# Your assignment
Repeat every entry below exactly as given.
Information supplied section start
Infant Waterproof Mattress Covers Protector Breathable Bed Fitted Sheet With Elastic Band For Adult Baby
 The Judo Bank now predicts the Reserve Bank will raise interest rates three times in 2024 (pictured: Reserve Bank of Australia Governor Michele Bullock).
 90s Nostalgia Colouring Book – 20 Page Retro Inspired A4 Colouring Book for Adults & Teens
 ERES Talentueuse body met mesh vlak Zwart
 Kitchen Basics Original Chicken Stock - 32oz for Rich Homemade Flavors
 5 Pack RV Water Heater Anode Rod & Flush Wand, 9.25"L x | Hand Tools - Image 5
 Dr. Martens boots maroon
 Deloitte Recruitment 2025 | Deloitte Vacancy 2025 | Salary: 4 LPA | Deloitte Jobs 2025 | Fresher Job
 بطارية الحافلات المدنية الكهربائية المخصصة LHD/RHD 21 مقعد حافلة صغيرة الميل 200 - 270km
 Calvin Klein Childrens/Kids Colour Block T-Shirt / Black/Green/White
Information supplied section end
# Answer section
Infant Waterproof Mattress Covers Protector Breathable Bed Fitted Sheet With Elastic Band For Adult Baby
 The Judo Bank now predicts the Reserve Bank will raise interest rates three times in 2024 (pictured: Reserve Bank of Australia Governor Michele Bullock).
 90s Nostalgia Colouring Book – 20 Page Retro Inspired A4 Colouring Book for Adults & Teens
 ERES Talentueuse body met mesh vlak Zwart
 Kitchen Basics Original Chicken Stock - 32oz for Rich Homemade Flavors
 5 Pack RV Water Heater Anode Rod & Flush Wand, 9.25"L x | Hand Tools - Image 5
 Dr. Martens boots maroon
 Deloitte Recruitment 2025 | Deloitte Vacancy 2025 | Salary: 4 LPA | Deloitte Jobs 2025 | Fresher Job
 بطارية الحافلات المدنية الكهربائية المخصصة LHD/RHD 21 مقعد حافلة صغيرة الميل 200 - 270km
 Calvin Klein Childrens/Kids Colour Block T-Shirt / Black/Green/White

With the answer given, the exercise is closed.